Trump’s initial threat to deport “millions of illegal aliens” in a vast operation to be conducted last weekend meant that immigration advocates had little lead time to warn clients about potential legal recourse against removal.
“When these happen, we have to go into rapid-response mode,” said Angelica Salas, executive director of the Coalition for Humane Immigrant Rights of Los Angeles, a nonprofit immigrant community organization. Since people picked up in massive sweeps are often quickly deported, Salas said, the primary goal is helping those in detention get legal representation “as quickly as possible by getting to their family members.”
“We actually go into the detention centers,” Salas said, “to try to quickly offer support to families and to their loved one who is in detention.”
The most important step for those at risk of being caught in an immigration raid, advocates said, is preparation. Ahead of the initially scheduled raids, the American Civil Liberties Union flooded social channels with a “Know Your Rights” fact sheet, available in more than a dozen languages, that prepared undocumented people in the event that U.S. Immigration and Customs Enforcement (ICE) agents showed up on their doorstep or pull them over in a vehicle. The SPLC’s own guide encourages families to make a plan for children, many of them U.S. citizens, in case their parents are detained.
“It’s crucial that people who might be targeted by these enforcement actions be having conversations as families,” Salas said. “We tell people, you must have a conversation with your family about what you would do if immigration came to your home. Who would you call? What’s your line of emergency calls you would make?”
The Coalition for Humane Immigrant Rights said such conversations create a “Family Plan,” much like Angelenos might establish a meeting place in the event of an earthquake.
“We help people put that together in order for individuals to really have the best chance to get legal assistance for family members,” Salas said.

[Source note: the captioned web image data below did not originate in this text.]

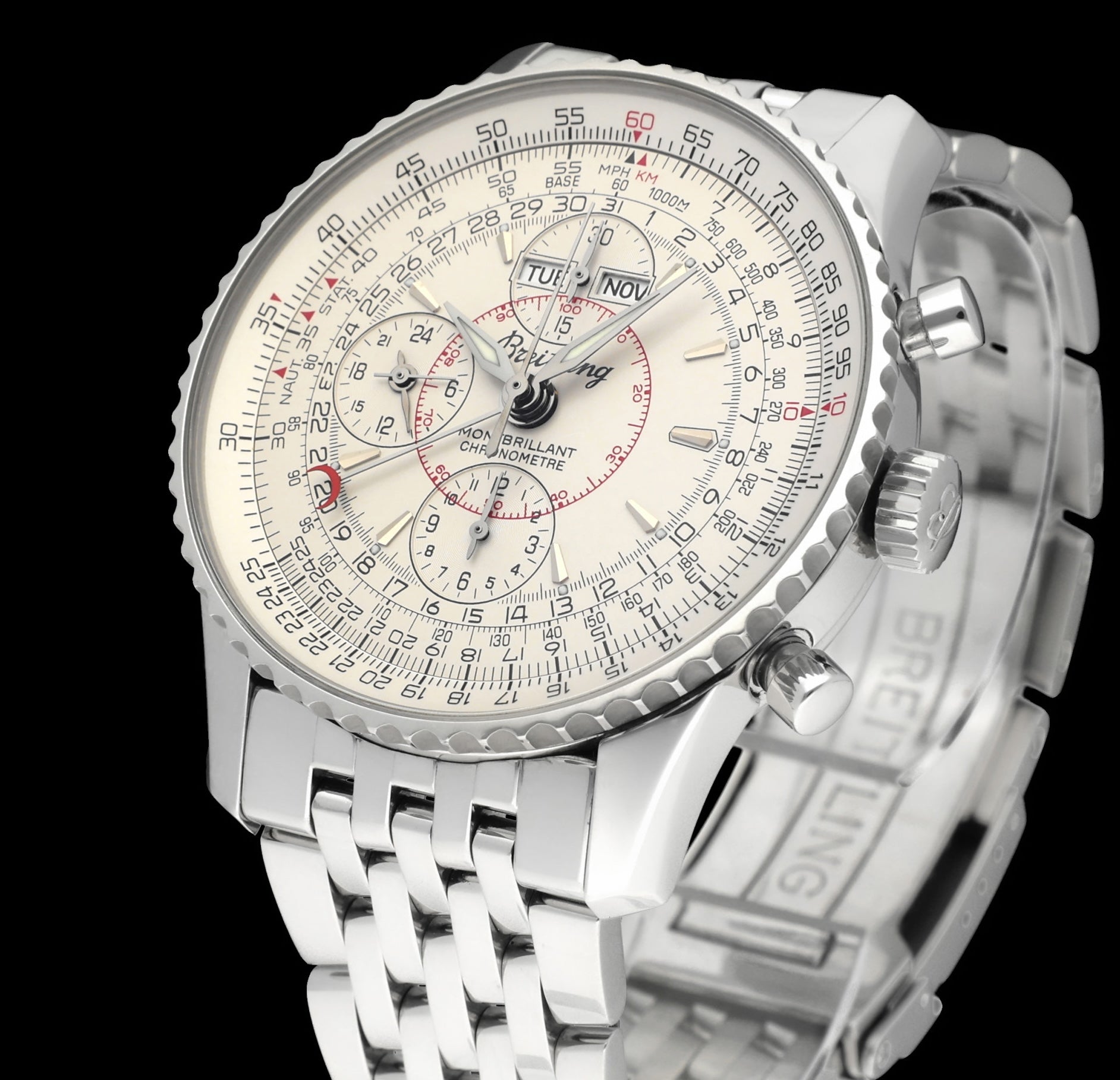 Breitling Navitimer Montbrillant Datora A21330 - Breitling horloge - Breitling kopen - Breitling heren horloge - Trophies Watches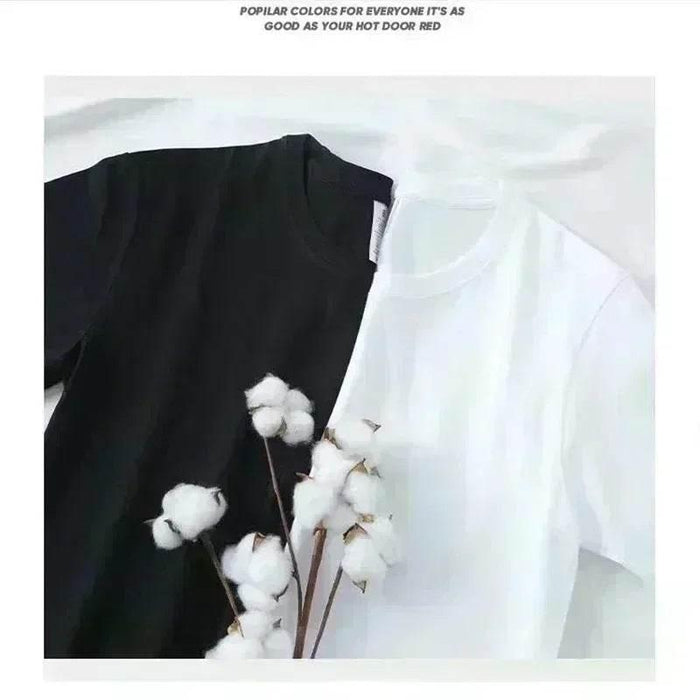 Personality Letter Pattern Oversized T-shirt Men - Magellan Fashion Shop
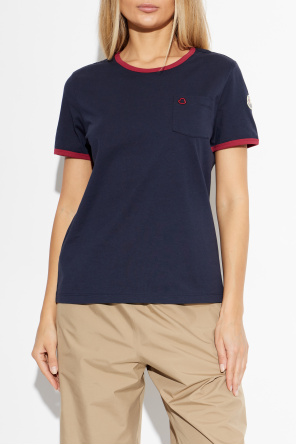 Moncler Camiseta con logo
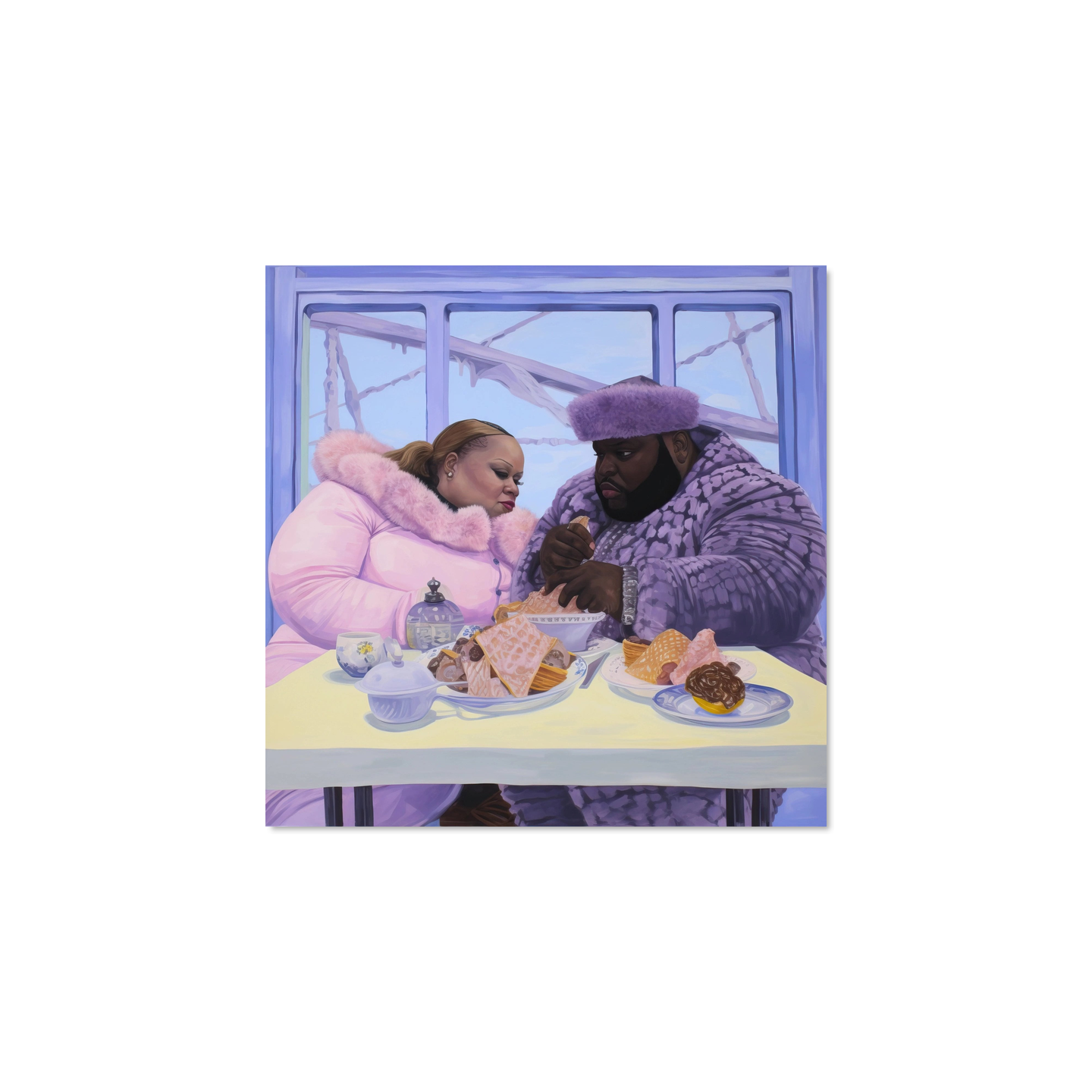 Wes Likewise - Cheek to Cheek Corners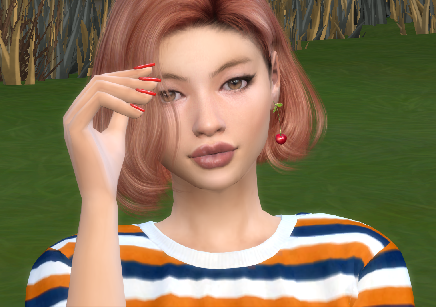 sims 4 cc download girl Xema Acevedo by Bonita100 Face View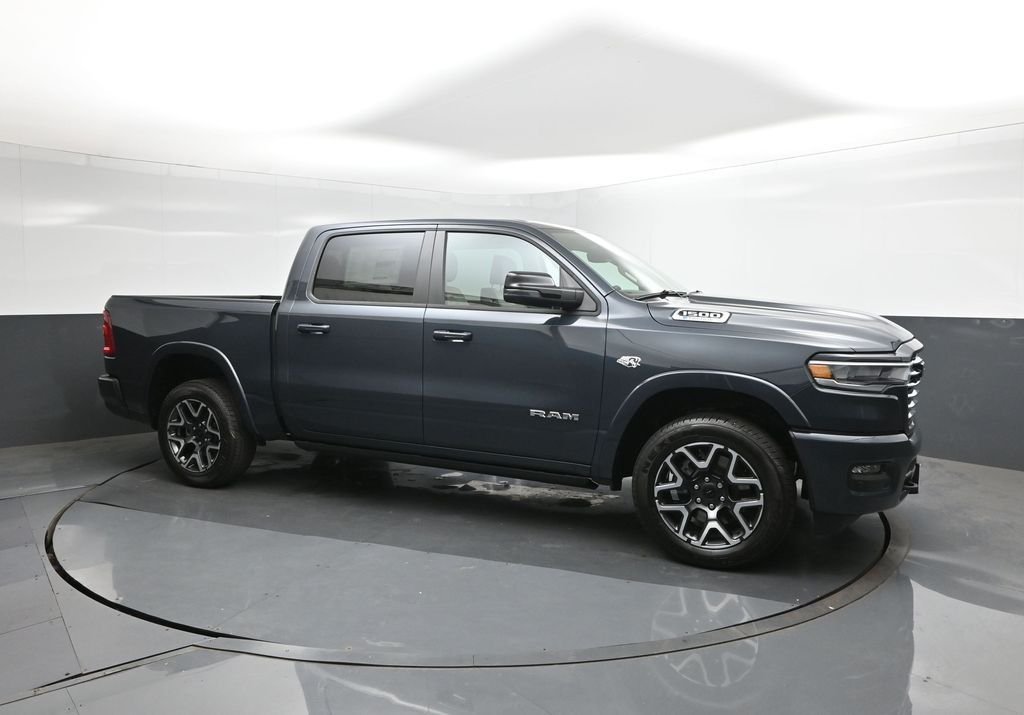 New 2026 Forged Blue Metallic Exterior Paint RAM Laramie image 26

Part of that family plan has been reminding parents to keep their children’s well-being top of mind, said Maria Odom, vice president for legal services at Kids In Need of Defense (KIND), a nonprofit that advocates for children in the immigration system.
“Being able to advise our client, the child, on that potentiality, as well as to work with the family to ensure that there is a plan for the care and custody of the child, is imperative,” said Odom. “The fear and the terror that we are asking in the communities is very real, so a lot of time is being spent reassuring these families that the community stands behind them under very difficult and scary circumstances.”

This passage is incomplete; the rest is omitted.